Mit einer Debatte von 45 Minuten und einem Beschluss, der für Ankara im Rahmen des Erträglichen blieb, wäre eines der grauenvollsten Kapitel des 20. Jahrhundert geschlossen worden, wenn nicht die Linksfraktion mehrere Kleine Anfragen eingereicht hätte. Am 19. März 2007 fragte sie nach den "Konsequenzen aus der deutschen Mitverantwortung für den Völkermord an den Armeniern" (Bundestags-Drucksache 16/4750) und wollte wissen, ob die Bundesregierung bereit sei, "in Deutschland einen nur der historischen Wahrheit verpflichteten Prozess der Auseinandersetzung mit dem Völkermord, insbesondere in Kooperation mit türkischen und armenischen Wissenschaftlerinnen und Wissenschaftlern, politisch zu fördern und materiell zu unterstützen". In der Antwort hieß es u.a.: "Die Bundesregierung begrüßt alle Initiativen, die der weiteren Aufarbeitung dieser geschichtlichen Ereignisse dienen. Eine Bewertung der Ergebnisse dieser Forschungen sollte durch Historiker unternommen werden."

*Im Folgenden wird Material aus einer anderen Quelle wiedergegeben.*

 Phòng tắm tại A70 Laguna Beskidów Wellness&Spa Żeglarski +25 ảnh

In einer weiteren Kleinen Anfrage am 7. Juli 2008 wollte die Linke wissen, welche konkreten Schritte seit Verabschiedung des Antrags unternommen wurden, damit "zwischen Türken und Armeniern durch Aufarbeitung, Versöhnen und Verzeihen historischer Schuld erreicht wird?" (Bundestags-Drucksache 16/9965) Die Antwort der Bundesregierung lautete wieder: "Die Bundesregierung begrüßt alle Initiativen, die der weiteren Aufarbeitung der geschichtlichen Ereignisse von 1915/16 dienen. Eine Bewertung der Ergebnisse dieser Forschungen sollte durch Historiker unternommen werden."

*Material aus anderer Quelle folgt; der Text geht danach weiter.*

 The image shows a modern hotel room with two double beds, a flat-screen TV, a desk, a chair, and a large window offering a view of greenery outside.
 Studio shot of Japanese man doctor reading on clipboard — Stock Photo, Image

Zuletzt wollte die Linksfraktion in einer Kleinen Anfrage vom 10. Februar 2010 wissen, ob die Bundesregierung die Massaker an den Armeniern 1915/16 eindeutig als Völkermord im Sinne der UN-Konvention von 1948 bewertet. Das Auswärtige Amt antwortete mit den bekannten Worten: "Die Bundesregierung begrüßt alle Initiativen, die der weiteren Aufarbeitung der geschichtlichen Ereignisse von 1915/16 dienen. Eine Bewertung der Ergebnisse dieser Forschungen sollte Wissenschaftlerinnen/Wissenschaftlern vorbehalten bleiben. Dabei ist die Bundesregierung der Auffassung, dass die Aufarbeitung der tragischen Ereignisse von 1915/16 in erster Linie Sache der beiden betroffenen Länder Türkei und Armenien ist."

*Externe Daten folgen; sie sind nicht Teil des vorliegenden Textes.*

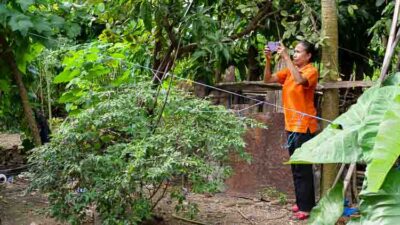 Volunteer taking photos to assess malaria risk factors around a house in Umalulu.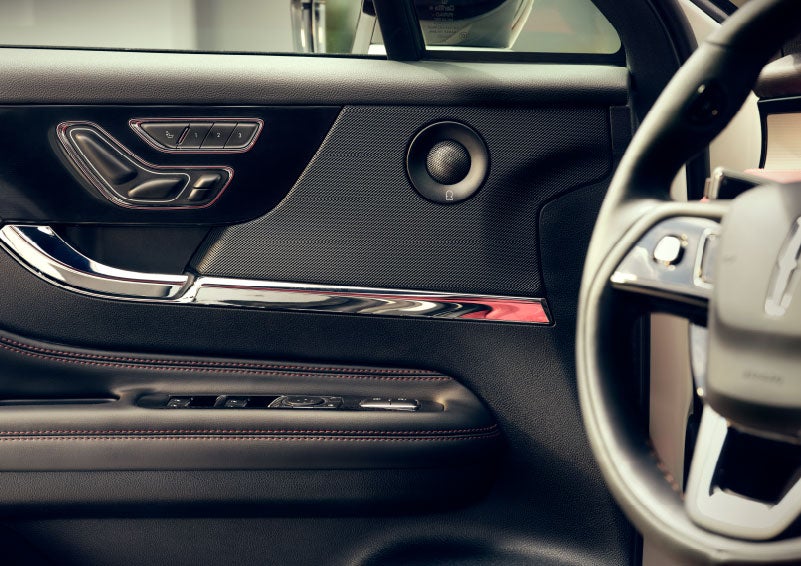 An audio speaker is shown in the driver's side door of a 2024 Lincoln Corsair® SUV. | Parks Lincoln of Tampa in Tampa FL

Cornelia Pieper, die Staatssekretärin im Auswärtigen Amt, wiederholte damit fast wortwörtlich das, was ihre Vorgänger bereits seit 2001 bei ähnlichen Kleinen Anfragen geantwortet hatten: "Die Bundesregierung ist der Ansicht, dass die Frage der Massaker an den Armeniern 1915/16 im Wesentlichen eine historische Frage und damit Gegenstand der Geschichtswissenschaft und in erster Linie Sache der betroffenen Länder Armenien und Türkei ist", antwortete die rot-grüne Regierung im März 2001 auf eine Kleine Anfrage der PDS. Egal wer an der Regierung ist, niemand will von Völkermord an den Armeniern reden. Fragen werden mit Hilfe von Textbausteinen beantwortet.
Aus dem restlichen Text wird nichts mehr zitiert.